Commenting on this recent Cafe post, John Cunningham asks:
Prof Boudreaux, would you set any upper limit on the number of illegal immigrants to be welcomed in? about 60-70% of this year’s entrants on the southern borders are adults, of 300K or so. as Steve Sailer points out, there are 5 billion people in the world living in countries poorer than Mexico. would you be OK with 30 million immigrants yearly? what about 60 million? do you have an upper limit?
I can’t tell if the question is asked sarcastically or not. I will assume not. Either way, though, my answer is that I oppose any upper limit. None. I am for open borders.
Many people (I think) imagine that if the U.S. had open borders – or even if we returned only to the immigration regime that we had in, say, 1881 – that the great majority of non-Americans who are poorer than Americans would flood into the U.S. indiscriminately. Concerns about where to live and whether or not a job was likely to be found would be, apparently, ignored by almost every one of the poor immigrants. But that’s not how the world works. (If it were, then the places those poor people would be fleeing from would be so utterly miserable and inhumane that we Americans should be especially eager to help such people by allowing them to live in the U.S.) Market and social forces – such as relative wages and prices, and job availability – govern immigration patterns just as they govern other economic and social phenomena.
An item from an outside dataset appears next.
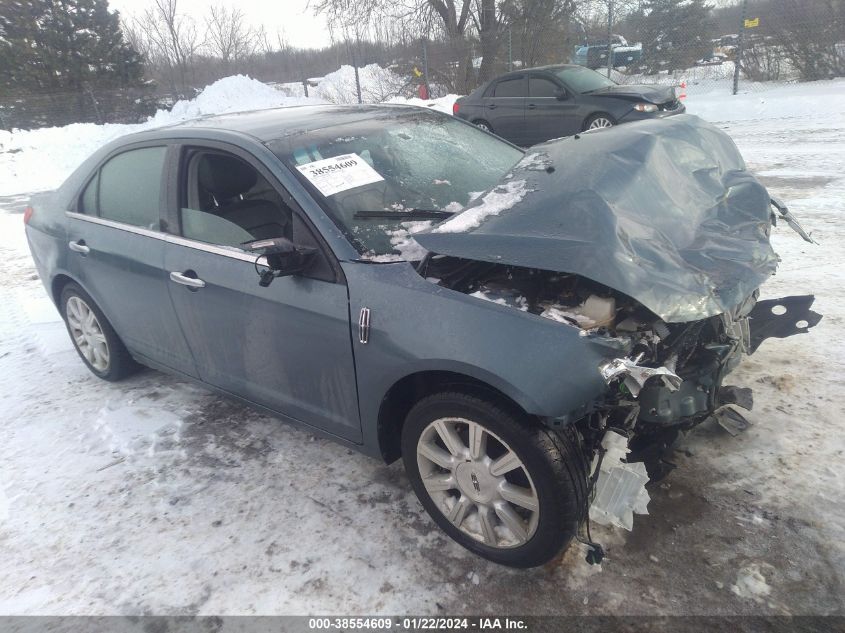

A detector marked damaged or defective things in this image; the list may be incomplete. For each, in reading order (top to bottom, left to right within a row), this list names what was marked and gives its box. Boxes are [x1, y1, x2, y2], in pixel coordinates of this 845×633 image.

crashed gray sedan [24, 105, 816, 568]
severely damaged hood [416, 114, 780, 324]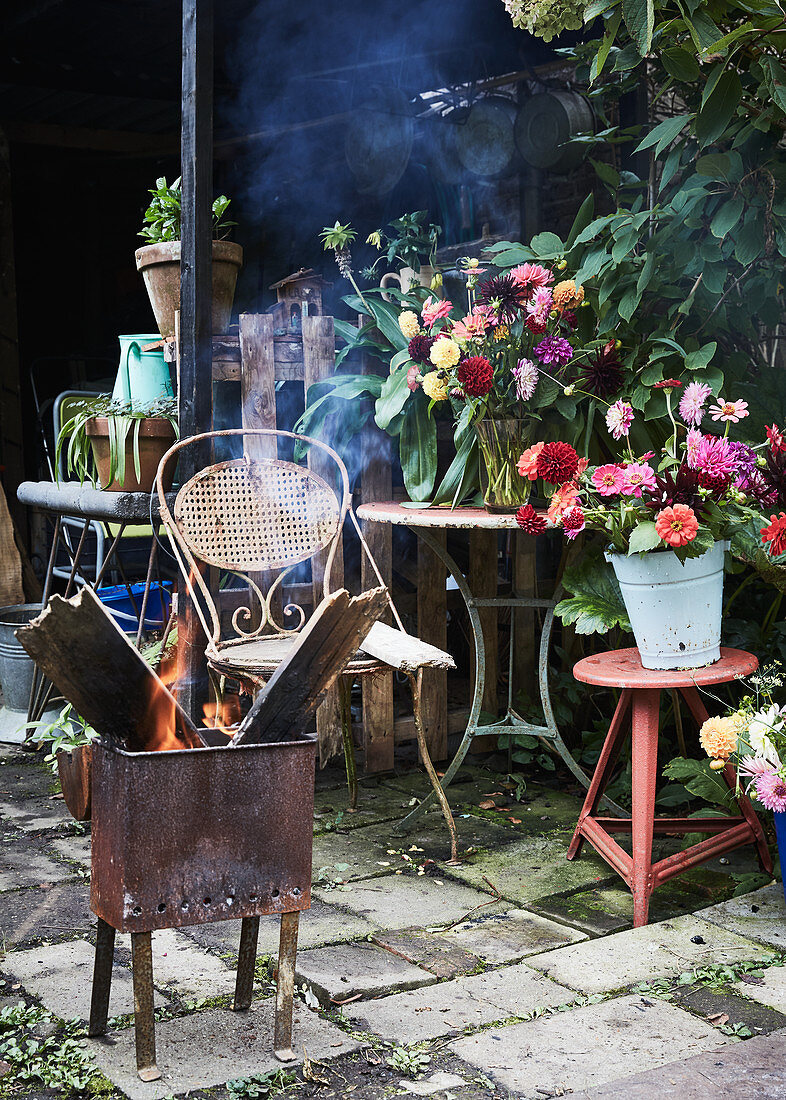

There are no legal limits on the number of people who are allowed to seek residence in Manhattan. And the U.S. is full of people who are poorer than is the typical resident of Manhattan. Yet we don’t witness New York City being deluged to the point of inability to cope with immigrants from poor states such as Mississippi, Louisiana, Arkansas, and West Virginia flooding indiscriminately into that city. Why should we expect to see a different outcome when the borders in question happen to be national as opposed to state or local?